Действительно, многие архивные досье увидели свет. Судебные дела артистов, писателей и политических деятелей, павших жертвами репрессий, например дела Исаака Бабеля, Всеволода Мейерхольда или Николая Бухарина, были открыты КГБ и опубликованы в московских периодических изданиях или отдельными книгами на Западе1. Благодаря документам, собранным следственной комиссией и переданным средствам массовой информации, широкую огласку получила трагедия Катыни, когда в апреле 1940 года тысячи польских офицеров были убиты и захоронены в лесах Смоленщины. Общественность узнала, что к этому злодеянию нацисты не были причастны, как на протяжении долгих лет утверждал советский режим. Смертный приговор полякам был вынесен лично Сталиным и приведен в исполнение по приказу Лаврентия Берия, в то время возглавлявшего НКВД2. Кронштадтский мятеж, коллективизация, договор о дружбе Сталина с Гитлером, война в Корее, судьба американцев, задержанных в СССР, - все эти некогда запретные темы советской истории отныне стали трактоваться в свете новых документов и данных различных источников1.
Однако другие темы по-прежнему вызывали много вопросов. Был ли Ленин отравлен? Сотрудничал ли до революции 1917 года Сталин с царской охранкой? Отдавал ли Сталин приказ убить Кирова? Максима Горького? Был ли он сам убит? Мы перечислили только несколько жутких вопросов, касающихся сталинского периода и по-прежнему остающихся невыясненными. Кроме того, возникают другие многочисленные вопросы, относящиеся к советскому периоду в целом, ответы на которые никогда не содержались ни в неопровержимых документах, ни в полномочных заявлениях, ни в материалах уголовных дел. Но даже если и появляются документы подобного рода, то это не значит, что все проясняется. Документы и заявления порождают новые вопросы, а каждая вещь требует пояснения.
Поэтому желание увидеть триумф документов не было полностью удовлетворено,тем более что кое-кто, питая тягу к запрету, начал понемногу "спускать дело на тормозах".

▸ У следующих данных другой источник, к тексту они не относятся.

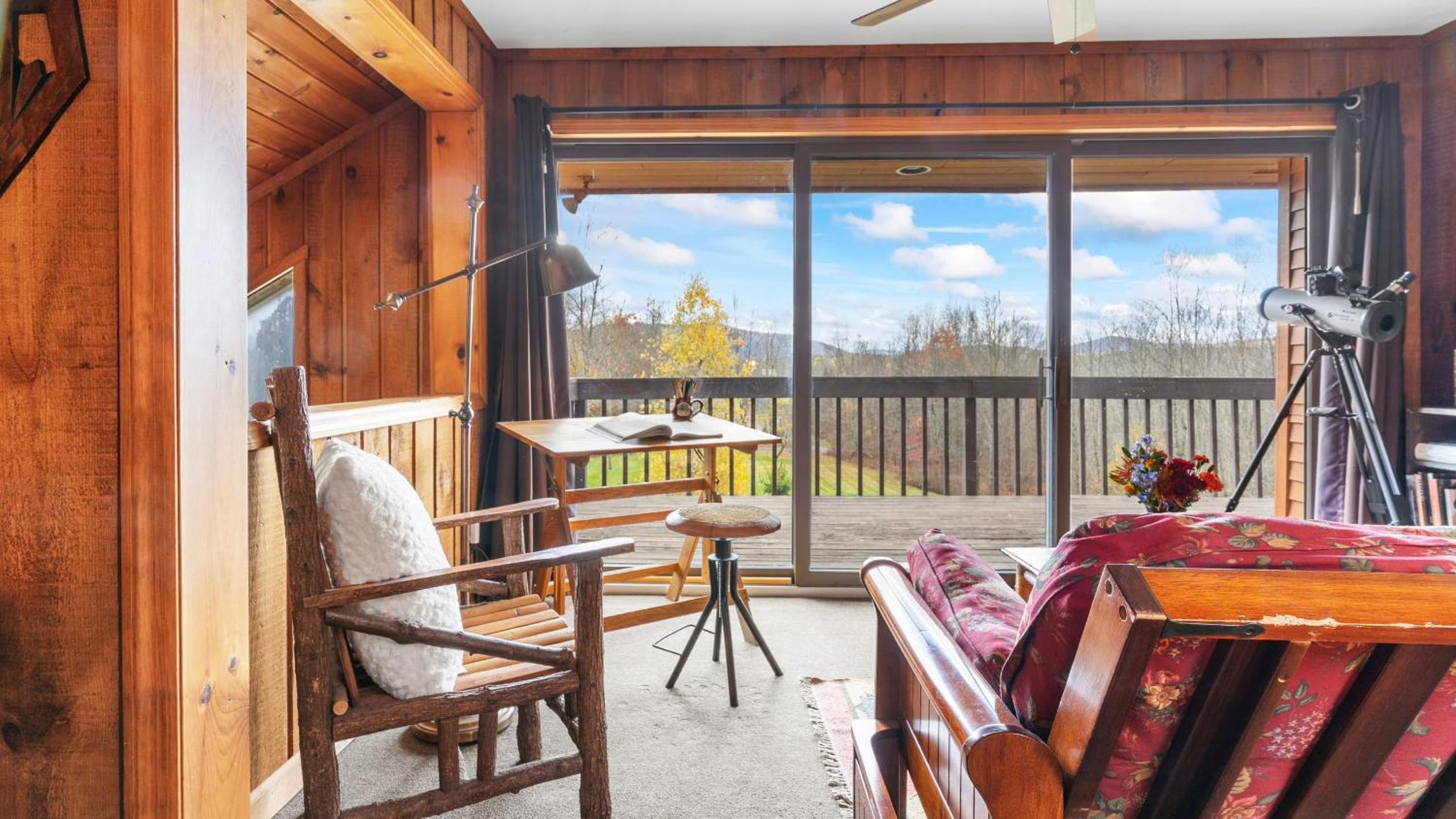 Secluded Retreat w Pool Hot Tub Fire Pit Views Windham Mountain House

Святая святых. Дело атомной бомбы
Никто не ожидал увидеть опубликованным досье о советском атомном шпионаже. В начале и середине периода гласности не было даже и намека на возможное рассекречивание этого досье. В конце концов, не составляло ли оно святая святых безопасности государства, национальной обороны? Любая мысль о рассекречивании данного досье немедленно вызывала волну аргументов "против".
Во-первых, досье содержит описание устройств, способных уничтожить целые города и, следовательно, превратить ничтожного диктатора, одержимого манией величия, в угрозу для всего человечества. Кто может дать гарантию, что подобные технические описания не в состоянии помочь физику из лаборатории диктатора решить проблему? Во-вторых, в досье названы имена живых или мертвых, чья репутация могла бы быть скомпрометирована. Вы, конечно, можете изменить имена, однако контекст все расставит по своим местам. В-третьих, из досье становится известно о методах работы спецслужб, а ведь некоторые из них еще не утратили своей актуальности. К тому же там называются коды, псевдонимы, документация. Можно ли обо всем этом не упоминать в прессе, равно как и об именах, и о важной технической информации? Если да, то что же останется? В-четвертых, секреты зарубежных государств, вероятно, способны вступить в противоречие с официальной историей, вызвать возмущение широкой общественности и ухудшить международную обстановку. Наконец, это досье может таить в себе доказательства успехов НКВД-КГБ в области атомного шпионажа, что заставит переоценить достижения советской науки и по-другому отнестись к наградам, врученным ее героям.
Итак, существуют по меньшей мере пять причин, по которым досье о советской атомной бомбе не следовало бы раскрывать. Однако в специфических условиях гласности последнего периода пятая причина как раз и послужила основным мотивом для рассекречивания досье.
В январе 1988 года Советский Союз отмечал 85-летие Игоря Курчатова, знаменитого директора Лаборатории-2, где была создана советская атомная бомба. Во время одной из телевизионных передач о великом физике, скончавшемся в 1960 году, ныне здравствующие коллеги назвали его "отцом советской атомной бомбы". Юлий Харитон, Георгий Флёров, Анатолий Александров и многие другие сказали миллионам телезрителей, что Борода, как уважительно называли Курчатова друзья, неуклонно вел программу по созданию атомной бомбы к успеху, хотя ему приходилось работать в стране, разоренной войной, имея в своем распоряжении минимально развитую технологическую инфраструктуру. В подобных условиях он с удивительной прозорливостью решил невероятно сложные проблемы за неизмеримо меньший срок, чем его американские коллеги, трудившиеся в идеальных условиях и получавшие неограниченные финансовые средства.